**What you have to do**
Please transcribe the data that follows without the pictures, keeping every word the same.

[Captioned web images]
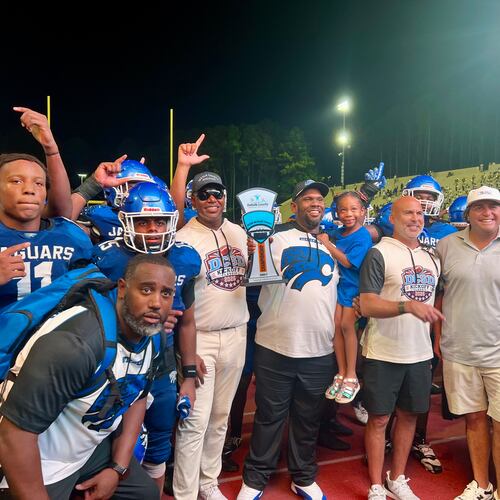 Stephenson celebrates after defeating Southwest DeKalb 29-7 in the DeKalb Kickoff Classic on Saturday, Aug. 22, 2026. (McClain Baxley for the AJC)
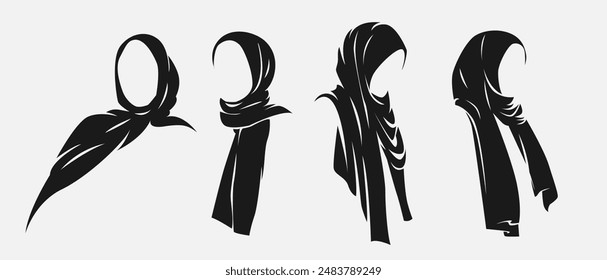 Set silhouettes of hijab collection. Vector illustration.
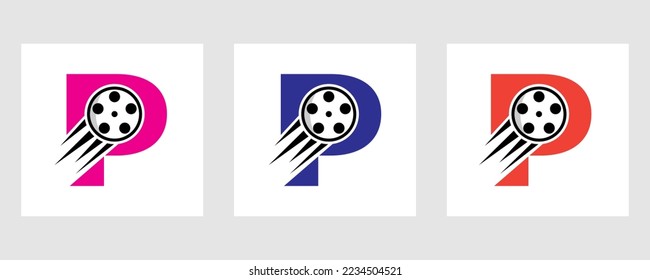 Letter P Film Logo Concept With Film Reel For Media Sign, Movie Director Symbol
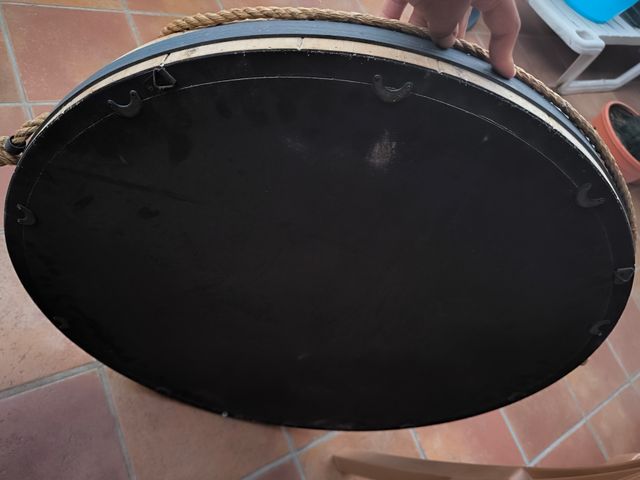 Espejo redondo madera antigua.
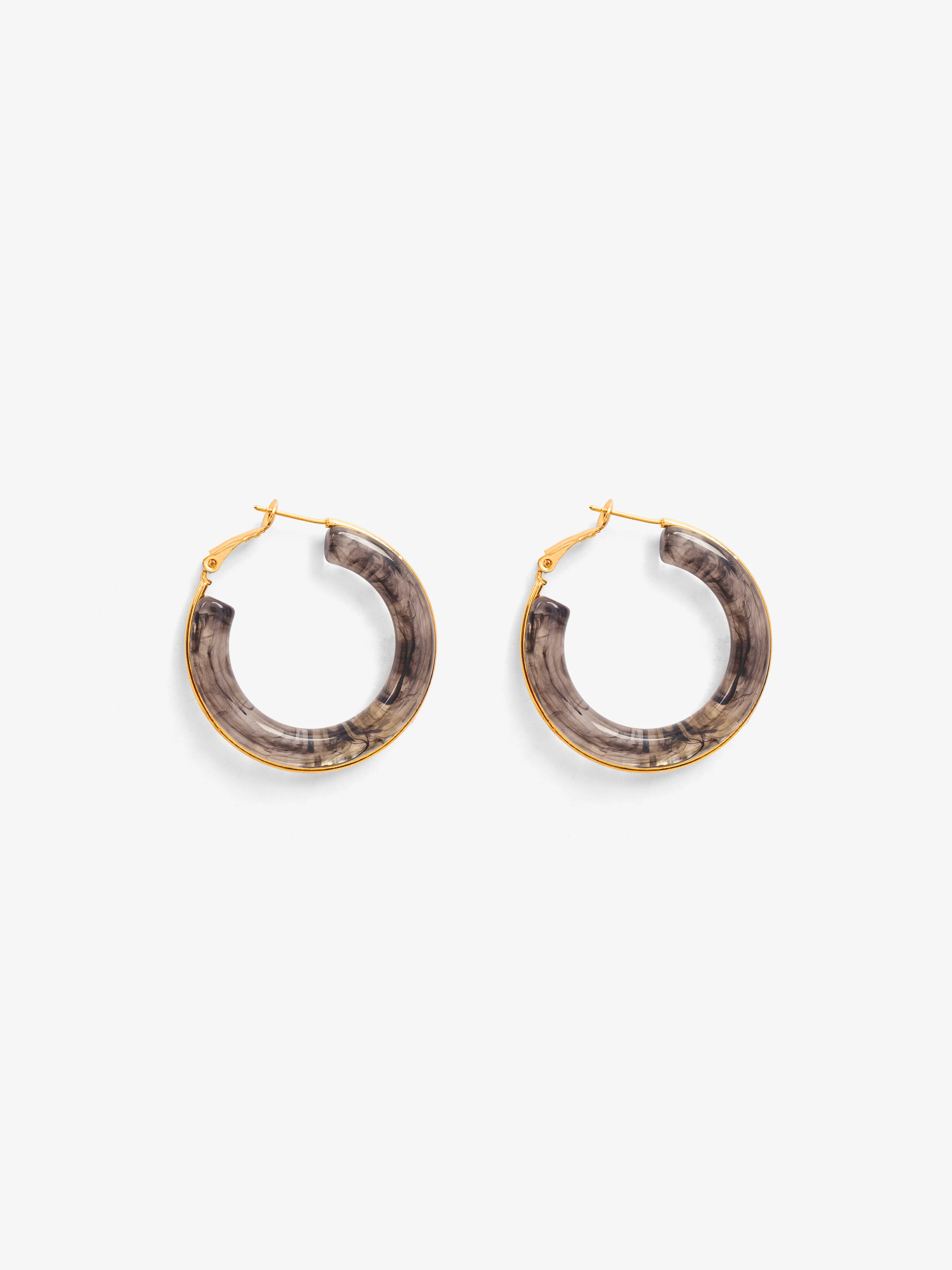 Twisted Hoop White Earrings - EAWE5-139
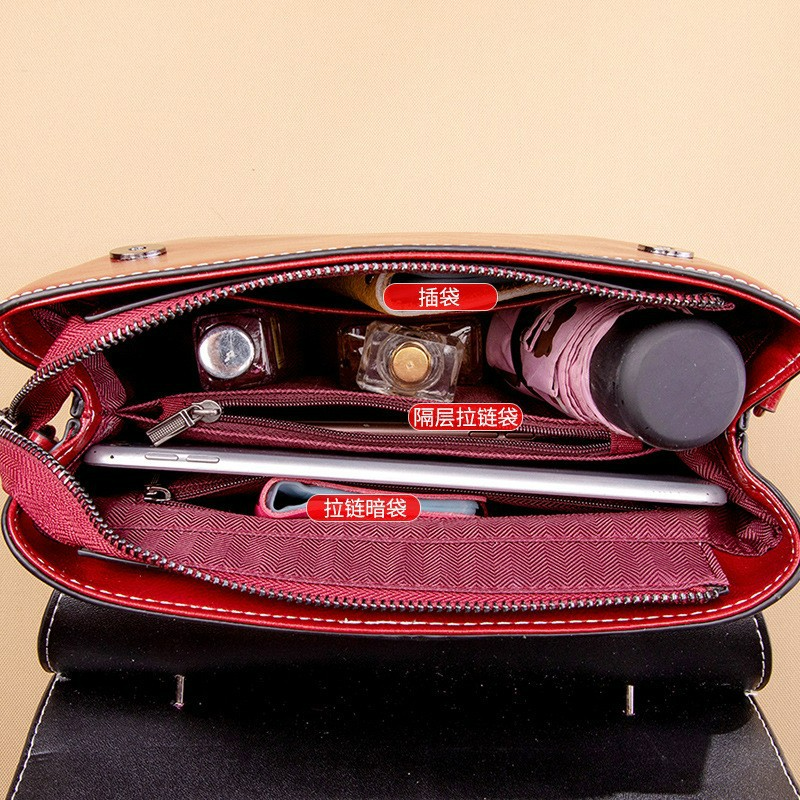 Damen Handtasche aus Leder ⎜ Elegante Umhängetasche mit Strukturierter Oberfläche und Modernem Tragegriff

**Exercise response**
 Stephenson celebrates after defeating Southwest DeKalb 29-7 in the DeKalb Kickoff Classic on Saturday, Aug. 22, 2026. (McClain Baxley for the AJC)
 Set silhouettes of hijab collection. Vector illustration.
 Letter P Film Logo Concept With Film Reel For Media Sign, Movie Director Symbol
 Espejo redondo madera antigua.
 Twisted Hoop White Earrings - EAWE5-139
 Damen Handtasche aus Leder ⎜ Elegante Umhängetasche mit Strukturierter Oberfläche und Modernem Tragegriff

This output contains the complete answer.